### Exercise goal
Could you reproduce all of the records exactly?

### Source material
== Segment start ==

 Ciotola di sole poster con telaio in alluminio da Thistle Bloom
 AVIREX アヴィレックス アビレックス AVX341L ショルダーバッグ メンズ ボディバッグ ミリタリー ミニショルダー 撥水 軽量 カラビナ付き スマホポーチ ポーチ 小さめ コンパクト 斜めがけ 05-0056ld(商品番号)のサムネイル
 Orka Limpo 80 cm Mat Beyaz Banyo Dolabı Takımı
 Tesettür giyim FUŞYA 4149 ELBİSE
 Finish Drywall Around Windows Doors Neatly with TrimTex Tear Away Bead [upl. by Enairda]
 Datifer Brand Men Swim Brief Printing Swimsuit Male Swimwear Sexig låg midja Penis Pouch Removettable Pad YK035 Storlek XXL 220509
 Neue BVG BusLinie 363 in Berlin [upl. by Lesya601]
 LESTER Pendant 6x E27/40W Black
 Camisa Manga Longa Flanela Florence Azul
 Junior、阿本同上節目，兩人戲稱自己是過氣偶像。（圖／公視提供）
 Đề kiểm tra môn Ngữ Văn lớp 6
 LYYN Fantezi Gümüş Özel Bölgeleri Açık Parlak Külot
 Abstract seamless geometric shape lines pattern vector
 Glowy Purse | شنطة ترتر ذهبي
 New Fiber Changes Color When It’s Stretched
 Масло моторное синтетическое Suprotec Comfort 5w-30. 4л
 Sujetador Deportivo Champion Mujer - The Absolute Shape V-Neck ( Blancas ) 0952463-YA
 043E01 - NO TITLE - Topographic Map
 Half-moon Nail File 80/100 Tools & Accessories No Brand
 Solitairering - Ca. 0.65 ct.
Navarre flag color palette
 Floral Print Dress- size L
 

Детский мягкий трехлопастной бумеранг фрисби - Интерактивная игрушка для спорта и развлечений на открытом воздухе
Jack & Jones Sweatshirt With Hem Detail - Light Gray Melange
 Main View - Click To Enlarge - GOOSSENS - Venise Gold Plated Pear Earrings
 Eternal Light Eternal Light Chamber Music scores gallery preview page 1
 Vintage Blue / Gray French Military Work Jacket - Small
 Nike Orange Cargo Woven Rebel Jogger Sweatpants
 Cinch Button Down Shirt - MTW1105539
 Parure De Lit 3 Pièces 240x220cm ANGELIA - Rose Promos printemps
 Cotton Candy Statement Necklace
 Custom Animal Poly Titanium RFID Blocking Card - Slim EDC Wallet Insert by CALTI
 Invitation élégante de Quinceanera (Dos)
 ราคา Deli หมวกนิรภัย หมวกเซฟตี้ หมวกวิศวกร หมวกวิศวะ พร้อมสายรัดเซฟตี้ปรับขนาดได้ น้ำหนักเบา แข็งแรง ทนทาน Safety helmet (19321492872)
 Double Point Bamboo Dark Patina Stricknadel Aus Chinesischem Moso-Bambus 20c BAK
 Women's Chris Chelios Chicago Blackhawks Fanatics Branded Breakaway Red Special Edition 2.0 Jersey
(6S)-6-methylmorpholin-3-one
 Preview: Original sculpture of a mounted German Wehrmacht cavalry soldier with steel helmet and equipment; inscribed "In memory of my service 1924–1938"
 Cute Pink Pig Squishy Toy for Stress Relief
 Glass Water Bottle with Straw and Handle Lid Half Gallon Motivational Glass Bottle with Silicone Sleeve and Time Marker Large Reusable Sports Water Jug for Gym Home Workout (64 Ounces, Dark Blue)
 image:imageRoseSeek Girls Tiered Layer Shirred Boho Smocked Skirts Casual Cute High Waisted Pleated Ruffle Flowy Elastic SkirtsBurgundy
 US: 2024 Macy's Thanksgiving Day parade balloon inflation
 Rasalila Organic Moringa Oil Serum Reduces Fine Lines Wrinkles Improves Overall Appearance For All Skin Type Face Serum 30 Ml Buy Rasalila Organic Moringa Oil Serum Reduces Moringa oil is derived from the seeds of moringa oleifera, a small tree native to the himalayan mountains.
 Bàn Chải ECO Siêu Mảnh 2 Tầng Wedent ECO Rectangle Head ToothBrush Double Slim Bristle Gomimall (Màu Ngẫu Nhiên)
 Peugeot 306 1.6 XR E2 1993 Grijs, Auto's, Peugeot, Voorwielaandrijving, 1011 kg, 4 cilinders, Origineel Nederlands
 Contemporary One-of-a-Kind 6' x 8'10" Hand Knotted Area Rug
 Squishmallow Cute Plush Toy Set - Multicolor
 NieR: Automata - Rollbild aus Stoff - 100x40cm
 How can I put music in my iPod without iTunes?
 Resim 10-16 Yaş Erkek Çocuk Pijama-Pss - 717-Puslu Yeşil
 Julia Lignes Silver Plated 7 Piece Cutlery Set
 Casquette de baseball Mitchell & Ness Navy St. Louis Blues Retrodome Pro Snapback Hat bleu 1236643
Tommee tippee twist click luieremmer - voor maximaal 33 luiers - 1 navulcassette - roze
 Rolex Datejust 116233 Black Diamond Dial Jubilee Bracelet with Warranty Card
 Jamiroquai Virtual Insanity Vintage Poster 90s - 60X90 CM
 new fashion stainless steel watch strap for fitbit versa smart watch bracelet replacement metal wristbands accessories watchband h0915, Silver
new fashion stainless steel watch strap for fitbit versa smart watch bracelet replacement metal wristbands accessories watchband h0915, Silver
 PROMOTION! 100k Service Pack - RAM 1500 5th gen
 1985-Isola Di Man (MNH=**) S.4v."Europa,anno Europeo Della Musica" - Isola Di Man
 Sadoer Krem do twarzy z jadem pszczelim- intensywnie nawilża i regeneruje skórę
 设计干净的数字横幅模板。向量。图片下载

== Segment end ==

### Task output
 Ciotola di sole poster con telaio in alluminio da Thistle Bloom
 AVIREX アヴィレックス アビレックス AVX341L ショルダーバッグ メンズ ボディバッグ ミリタリー ミニショルダー 撥水 軽量 カラビナ付き スマホポーチ ポーチ 小さめ コンパクト 斜めがけ 05-0056ld(商品番号)のサムネイル
 Orka Limpo 80 cm Mat Beyaz Banyo Dolabı Takımı
 Tesettür giyim FUŞYA 4149 ELBİSE
 Finish Drywall Around Windows Doors Neatly with TrimTex Tear Away Bead [upl. by Enairda]
 Datifer Brand Men Swim Brief Printing Swimsuit Male Swimwear Sexig låg midja Penis Pouch Removettable Pad YK035 Storlek XXL 220509
 Neue BVG BusLinie 363 in Berlin [upl. by Lesya601]
 LESTER Pendant 6x E27/40W Black
 Camisa Manga Longa Flanela Florence Azul
 Junior、阿本同上節目，兩人戲稱自己是過氣偶像。（圖／公視提供）
 Đề kiểm tra môn Ngữ Văn lớp 6
 LYYN Fantezi Gümüş Özel Bölgeleri Açık Parlak Külot
 Abstract seamless geometric shape lines pattern vector
 Glowy Purse | شنطة ترتر ذهبي
 New Fiber Changes Color When It’s Stretched
 Масло моторное синтетическое Suprotec Comfort 5w-30. 4л
 Sujetador Deportivo Champion Mujer - The Absolute Shape V-Neck ( Blancas ) 0952463-YA
 043E01 - NO TITLE - Topographic Map
 Half-moon Nail File 80/100 Tools & Accessories No Brand
 Solitairering - Ca. 0.65 ct.
Navarre flag color palette
 Floral Print Dress- size L
 

Детский мягкий трехлопастной бумеранг фрисби - Интерактивная игрушка для спорта и развлечений на открытом воздухе
Jack & Jones Sweatshirt With Hem Detail - Light Gray Melange
 Main View - Click To Enlarge - GOOSSENS - Venise Gold Plated Pear Earrings
 Eternal Light Eternal Light Chamber Music scores gallery preview page 1
 Vintage Blue / Gray French Military Work Jacket - Small
 Nike Orange Cargo Woven Rebel Jogger Sweatpants
 Cinch Button Down Shirt - MTW1105539
 Parure De Lit 3 Pièces 240x220cm ANGELIA - Rose Promos printemps
 Cotton Candy Statement Necklace
 Custom Animal Poly Titanium RFID Blocking Card - Slim EDC Wallet Insert by CALTI
 Invitation élégante de Quinceanera (Dos)
 ราคา Deli หมวกนิรภัย หมวกเซฟตี้ หมวกวิศวกร หมวกวิศวะ พร้อมสายรัดเซฟตี้ปรับขนาดได้ น้ำหนักเบา แข็งแรง ทนทาน Safety helmet (19321492872)
 Double Point Bamboo Dark Patina Stricknadel Aus Chinesischem Moso-Bambus 20c BAK
 Women's Chris Chelios Chicago Blackhawks Fanatics Branded Breakaway Red Special Edition 2.0 Jersey
(6S)-6-methylmorpholin-3-one
 Preview: Original sculpture of a mounted German Wehrmacht cavalry soldier with steel helmet and equipment; inscribed "In memory of my service 1924–1938"
 Cute Pink Pig Squishy Toy for Stress Relief
 Glass Water Bottle with Straw and Handle Lid Half Gallon Motivational Glass Bottle with Silicone Sleeve and Time Marker Large Reusable Sports Water Jug for Gym Home Workout (64 Ounces, Dark Blue)
 image:imageRoseSeek Girls Tiered Layer Shirred Boho Smocked Skirts Casual Cute High Waisted Pleated Ruffle Flowy Elastic SkirtsBurgundy
 US: 2024 Macy's Thanksgiving Day parade balloon inflation
 Rasalila Organic Moringa Oil Serum Reduces Fine Lines Wrinkles Improves Overall Appearance For All Skin Type Face Serum 30 Ml Buy Rasalila Organic Moringa Oil Serum Reduces Moringa oil is derived from the seeds of moringa oleifera, a small tree native to the himalayan mountains.
 Bàn Chải ECO Siêu Mảnh 2 Tầng Wedent ECO Rectangle Head ToothBrush Double Slim Bristle Gomimall (Màu Ngẫu Nhiên)
 Peugeot 306 1.6 XR E2 1993 Grijs, Auto's, Peugeot, Voorwielaandrijving, 1011 kg, 4 cilinders, Origineel Nederlands
 Contemporary One-of-a-Kind 6' x 8'10" Hand Knotted Area Rug
 Squishmallow Cute Plush Toy Set - Multicolor
 NieR: Automata - Rollbild aus Stoff - 100x40cm
 How can I put music in my iPod without iTunes?
 Resim 10-16 Yaş Erkek Çocuk Pijama-Pss - 717-Puslu Yeşil
 Julia Lignes Silver Plated 7 Piece Cutlery Set
 Casquette de baseball Mitchell & Ness Navy St. Louis Blues Retrodome Pro Snapback Hat bleu 1236643
Tommee tippee twist click luieremmer - voor maximaal 33 luiers - 1 navulcassette - roze
 Rolex Datejust 116233 Black Diamond Dial Jubilee Bracelet with Warranty Card
 Jamiroquai Virtual Insanity Vintage Poster 90s - 60X90 CM
 new fashion stainless steel watch strap for fitbit versa smart watch bracelet replacement metal wristbands accessories watchband h0915, Silver
new fashion stainless steel watch strap for fitbit versa smart watch bracelet replacement metal wristbands accessories watchband h0915, Silver
 PROMOTION! 100k Service Pack - RAM 1500 5th gen
 1985-Isola Di Man (MNH=**) S.4v."Europa,anno Europeo Della Musica" - Isola Di Man
 Sadoer Krem do twarzy z jadem pszczelim- intensywnie nawilża i regeneruje skórę
 设计干净的数字横幅模板。向量。图片下载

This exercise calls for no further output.